De fortes explosions ont encore été entendues, lundi 2 mars, à Dubaï, capitale des Émirats arabes unis. L'Iran poursuivait, pour une troisième journée consécutive, ses représailles contre ses voisins du Golfe, entraînés dans une guerre qu’ils subissent, en réponse aux frappes américano-israéliennes qui visent son territoire. En particulier les Émirats arabes unis, où les frappes iraniennes ont fait trois morts et 58 blessés, selon le ministère de la Défense.

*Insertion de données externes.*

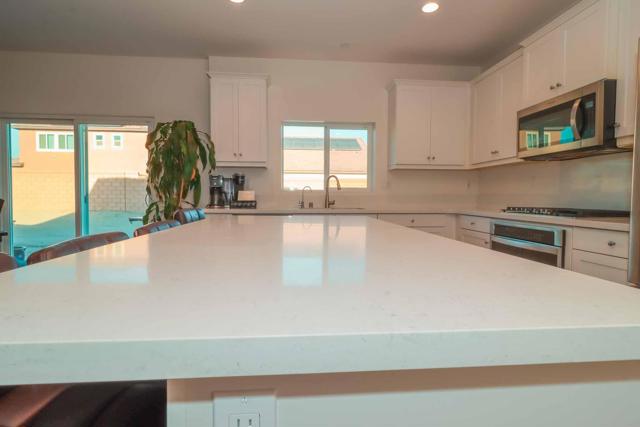 Image 10 of 48 For 44644 Melkesian Boulevard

Si Téhéran assure viser des cibles militaires américaines dans la région, depuis plusieurs jours les images de panaches de fumée s'élevant au-dessus des gratte-ciels et des hôtels de luxe de Dubaï, mégapole de près de 4 millions d'habitants, et des dégâts infligés aux aéroports émiratis, tournent en boucle sur les réseaux sociaux.
Selon Karim Sader, consultant spécialiste des pays du Golfe, les Émirats arabes unis incarnent "une cible particulièrement importante" - 137 missiles et 209 drones rien que samedi - alors même qu’elle n’abrite pas "d’intérêts américains directs" majeurs, contrairement à l’Arabie saoudite, Bahreïn, siège de la 5e flotte américaine, et le Qatar, où se trouve la base américaine d'Al-Udeid, la plus grande de la région.

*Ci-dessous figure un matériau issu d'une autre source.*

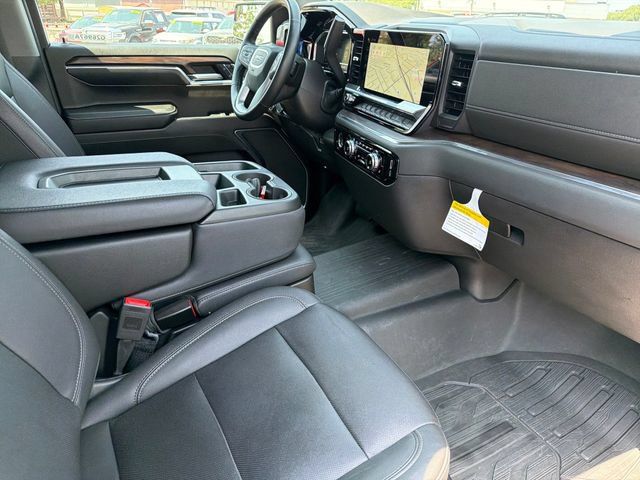 Used 2024 GMC Sierra 1500 SLT AWD/4WD image 24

Une "cible légitime" pour Téhéran
"En plus d’être une cible à portée de main pour les Iraniens, qui leur permet de manifester leur capacité de nuisance dans une zone particulièrement liée à l'économie du Golfe, les Émirats arabes unis sont signataires des accords d'Abraham et ont normalisé leurs relations avec Israël, rappelle-t-il. Ce qui rend cette cible, aux yeux de Téhéran, totalement légitime".
Les Émirats arabes unis ont signé les accords d'Abraham de Donald Trump en 2020. Ils ont depuis approfondi leurs relations avec l’État hébreu en nouant d’importants liens économiques, et à travers une coopération accrue dans le secteur de la défense au point d’effectuer des manœuvres militaires conjointes, comme en 2024 en mer Rouge. Sous la houlette du président Mohammed ben Zayed Al Nahyane (souvent appelé "MBZ"), il s’agit du pays signataire qui a été le plus loin dans le rapprochement avec Israël.